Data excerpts
Segment Open

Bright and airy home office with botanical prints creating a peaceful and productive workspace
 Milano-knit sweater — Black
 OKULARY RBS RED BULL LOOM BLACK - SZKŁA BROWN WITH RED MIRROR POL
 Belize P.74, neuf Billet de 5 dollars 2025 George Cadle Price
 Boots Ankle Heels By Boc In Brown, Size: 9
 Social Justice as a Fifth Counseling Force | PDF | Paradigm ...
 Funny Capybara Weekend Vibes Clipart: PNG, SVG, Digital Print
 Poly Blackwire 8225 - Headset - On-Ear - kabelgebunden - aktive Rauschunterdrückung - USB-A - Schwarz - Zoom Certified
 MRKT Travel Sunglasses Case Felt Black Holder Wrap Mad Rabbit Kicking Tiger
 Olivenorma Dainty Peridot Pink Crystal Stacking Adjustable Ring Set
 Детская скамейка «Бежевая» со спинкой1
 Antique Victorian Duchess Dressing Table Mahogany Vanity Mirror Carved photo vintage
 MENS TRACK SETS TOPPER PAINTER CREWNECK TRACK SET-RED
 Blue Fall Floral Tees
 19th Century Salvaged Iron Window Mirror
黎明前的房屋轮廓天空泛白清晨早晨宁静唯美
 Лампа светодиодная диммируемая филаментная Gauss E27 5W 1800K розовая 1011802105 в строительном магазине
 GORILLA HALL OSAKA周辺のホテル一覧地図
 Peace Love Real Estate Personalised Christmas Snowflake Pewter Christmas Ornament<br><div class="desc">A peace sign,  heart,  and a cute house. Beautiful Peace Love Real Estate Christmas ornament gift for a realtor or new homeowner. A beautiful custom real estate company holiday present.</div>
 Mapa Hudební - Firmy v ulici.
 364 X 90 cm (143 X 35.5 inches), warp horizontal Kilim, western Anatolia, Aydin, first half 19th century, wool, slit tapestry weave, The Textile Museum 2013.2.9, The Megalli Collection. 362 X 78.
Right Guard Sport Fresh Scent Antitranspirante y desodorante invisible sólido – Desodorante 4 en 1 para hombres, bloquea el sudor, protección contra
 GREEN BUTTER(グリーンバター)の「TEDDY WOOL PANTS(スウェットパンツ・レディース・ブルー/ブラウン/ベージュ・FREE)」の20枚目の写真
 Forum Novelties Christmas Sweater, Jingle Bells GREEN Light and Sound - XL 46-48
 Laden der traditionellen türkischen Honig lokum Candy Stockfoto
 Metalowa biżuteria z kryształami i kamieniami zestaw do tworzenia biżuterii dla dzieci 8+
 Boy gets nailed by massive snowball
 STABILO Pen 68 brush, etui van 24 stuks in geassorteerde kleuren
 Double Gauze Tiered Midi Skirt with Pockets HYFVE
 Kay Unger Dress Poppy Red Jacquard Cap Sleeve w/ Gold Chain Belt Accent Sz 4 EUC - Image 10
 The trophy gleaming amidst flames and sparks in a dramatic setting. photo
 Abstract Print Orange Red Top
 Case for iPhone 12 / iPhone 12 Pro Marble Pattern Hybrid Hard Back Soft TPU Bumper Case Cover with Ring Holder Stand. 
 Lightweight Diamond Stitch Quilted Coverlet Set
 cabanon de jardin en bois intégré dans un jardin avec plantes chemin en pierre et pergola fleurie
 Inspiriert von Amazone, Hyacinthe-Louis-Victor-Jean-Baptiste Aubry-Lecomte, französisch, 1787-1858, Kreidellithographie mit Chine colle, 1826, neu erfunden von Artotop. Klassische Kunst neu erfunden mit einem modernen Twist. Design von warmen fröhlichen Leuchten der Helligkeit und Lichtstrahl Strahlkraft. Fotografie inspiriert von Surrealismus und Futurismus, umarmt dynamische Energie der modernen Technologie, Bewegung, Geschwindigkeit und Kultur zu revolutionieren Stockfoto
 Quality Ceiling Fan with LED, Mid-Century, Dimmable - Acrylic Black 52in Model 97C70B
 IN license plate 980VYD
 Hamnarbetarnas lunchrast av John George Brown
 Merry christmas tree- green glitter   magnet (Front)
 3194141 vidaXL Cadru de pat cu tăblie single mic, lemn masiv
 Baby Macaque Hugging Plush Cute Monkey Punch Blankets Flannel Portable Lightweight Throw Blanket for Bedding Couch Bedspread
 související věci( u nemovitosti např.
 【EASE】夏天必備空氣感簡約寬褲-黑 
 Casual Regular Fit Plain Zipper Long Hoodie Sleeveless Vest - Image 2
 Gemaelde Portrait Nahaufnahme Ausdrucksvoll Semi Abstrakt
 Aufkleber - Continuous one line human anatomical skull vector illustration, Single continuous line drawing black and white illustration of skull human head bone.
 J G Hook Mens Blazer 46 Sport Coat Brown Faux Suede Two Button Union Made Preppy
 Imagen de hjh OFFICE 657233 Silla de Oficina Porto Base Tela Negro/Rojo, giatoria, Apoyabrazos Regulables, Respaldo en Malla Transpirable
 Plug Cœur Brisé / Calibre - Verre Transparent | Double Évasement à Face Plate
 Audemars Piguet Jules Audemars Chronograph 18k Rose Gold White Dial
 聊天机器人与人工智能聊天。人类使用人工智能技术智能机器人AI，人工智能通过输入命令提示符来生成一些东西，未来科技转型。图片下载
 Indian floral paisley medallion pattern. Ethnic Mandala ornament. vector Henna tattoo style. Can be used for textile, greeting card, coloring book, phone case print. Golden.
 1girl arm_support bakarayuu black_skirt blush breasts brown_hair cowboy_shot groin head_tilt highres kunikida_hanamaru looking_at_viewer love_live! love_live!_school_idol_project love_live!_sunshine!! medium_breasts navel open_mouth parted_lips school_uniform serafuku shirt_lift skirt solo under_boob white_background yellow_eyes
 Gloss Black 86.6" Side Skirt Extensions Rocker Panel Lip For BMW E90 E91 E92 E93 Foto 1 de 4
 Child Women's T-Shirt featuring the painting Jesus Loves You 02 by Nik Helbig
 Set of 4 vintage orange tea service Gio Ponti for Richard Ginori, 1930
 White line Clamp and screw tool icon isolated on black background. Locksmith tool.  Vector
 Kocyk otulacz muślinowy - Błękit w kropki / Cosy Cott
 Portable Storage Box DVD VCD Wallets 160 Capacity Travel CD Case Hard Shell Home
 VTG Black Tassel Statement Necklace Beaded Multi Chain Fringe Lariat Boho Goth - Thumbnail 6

Segment Closed

### PROBLEM REQUIREMENTS
Return each line from the records that includes the word "Stockfoto".

### TASK RESPONSE
 Laden der traditionellen türkischen Honig lokum Candy Stockfoto
 Inspiriert von Amazone, Hyacinthe-Louis-Victor-Jean-Baptiste Aubry-Lecomte, französisch, 1787-1858, Kreidellithographie mit Chine colle, 1826, neu erfunden von Artotop. Klassische Kunst neu erfunden mit einem modernen Twist. Design von warmen fröhlichen Leuchten der Helligkeit und Lichtstrahl Strahlkraft. Fotografie inspiriert von Surrealismus und Futurismus, umarmt dynamische Energie der modernen Technologie, Bewegung, Geschwindigkeit und Kultur zu revolutionieren Stockfoto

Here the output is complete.